Erhalte mein Herz bei dem einen, dass ich deinen Namen fürchte. Psalm 86,11

Kaum eine, kaum einer setzt sich wohl Einfalt zum Ziel. Im Lied vom aufgegangenen Mond mögen wir zwar darum bitten: «Lass mich einfältig werden.» Aber das tun wir bloss, weil der Text so alt ist und die Melodie so vertraut. Wer will schon einfältig werden? Wenn, dann schon eher englisch: «Simplify your life!» Viele finden ihr Leben mit gutem Grund zu kompliziert.

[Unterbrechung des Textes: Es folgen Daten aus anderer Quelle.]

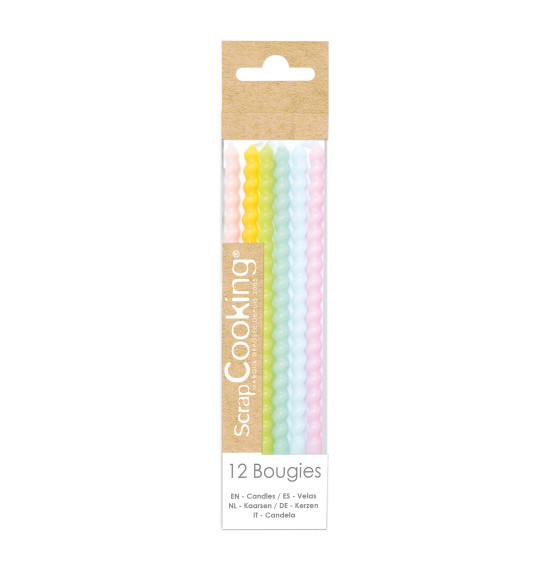 12 long twisted pastel candles 12 cm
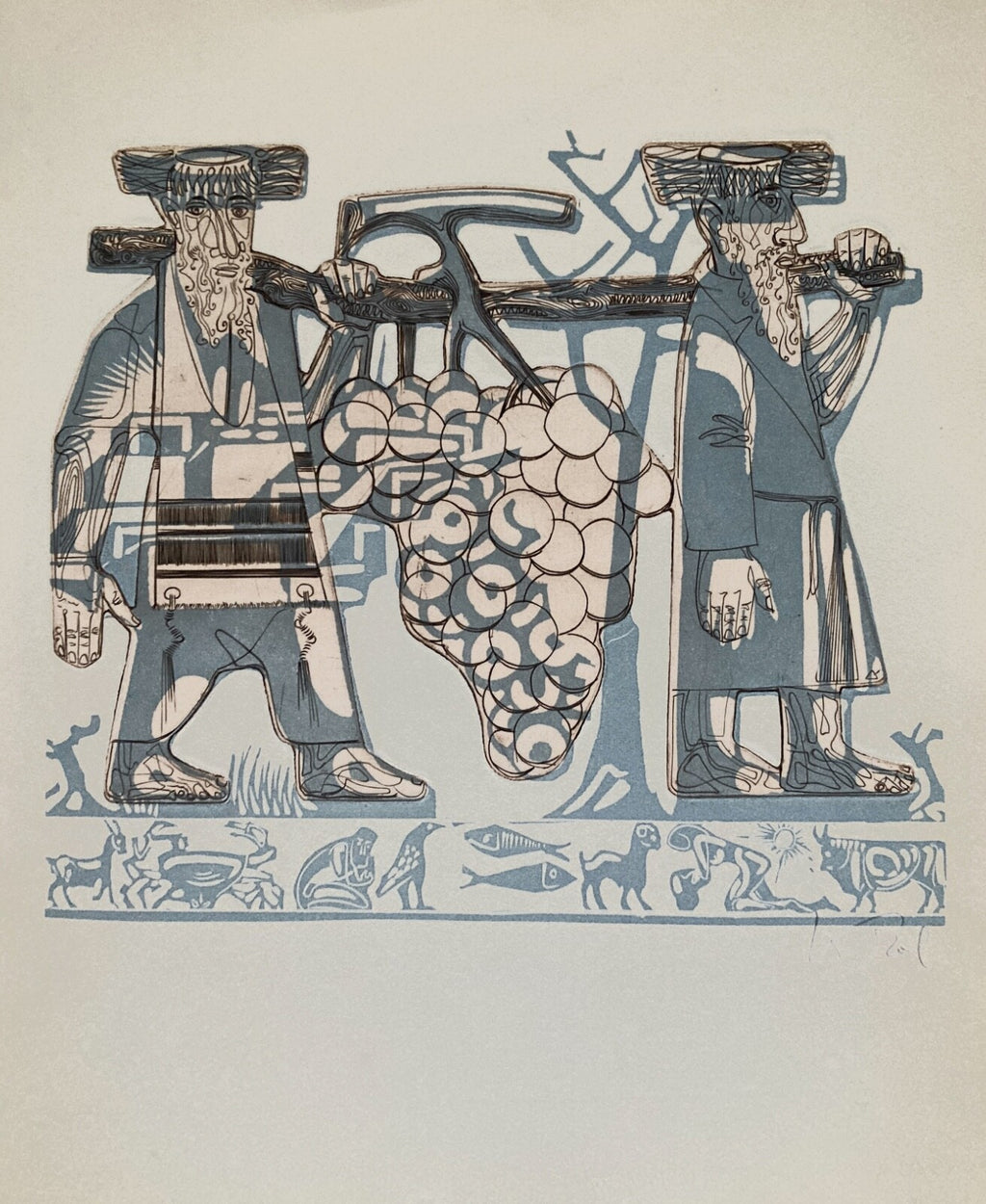 Abraham Krol Originalradierung Signiert Mystik Symbolik Bacchus Mythologie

Ich habe es gerne anschaulich: Wenn du ein Blatt einmal faltest, bleibt die Oberfläche glatt. Du kannst darauf schreiben oder zeichnen. Staub und Schmutz lassen sich leicht abwischen. Wenn du ein Blatt vielfach faltest oder gar aus Zeitgründen zerknüllst, bekommst du es nicht mehr flach. Was geschrieben ist, wird verzerrt, und immer bleiben Sandkörner in den Knitterfalten hängen. Im Psalm 86 meldet sich eine Stimme aus einem komplizierten Leben, mit einer zerknitterten und vielfach gefalteten Seele. Sie möchte einfältig werden und vor dem Ewigen auf Erden wieder – wie ein Kind – fromm und fröhlich sein. Vom Psalm über Matthias Claudius bis zu unserer Zeit überbordender Möglichkeiten und Ansprüche wird die Bitte weiter überliefert, weiter gebetet, weiter geseufzt: Lass mich zur Konzentration finden, zur Ausrichtung und Entlastung auf die Mitte hin, bei dir, Gott, der du meines Lebens Mitte bist.

Die Sonntagsruhe ist übrigens ein schöner Ausdruck dieser Sehnsucht.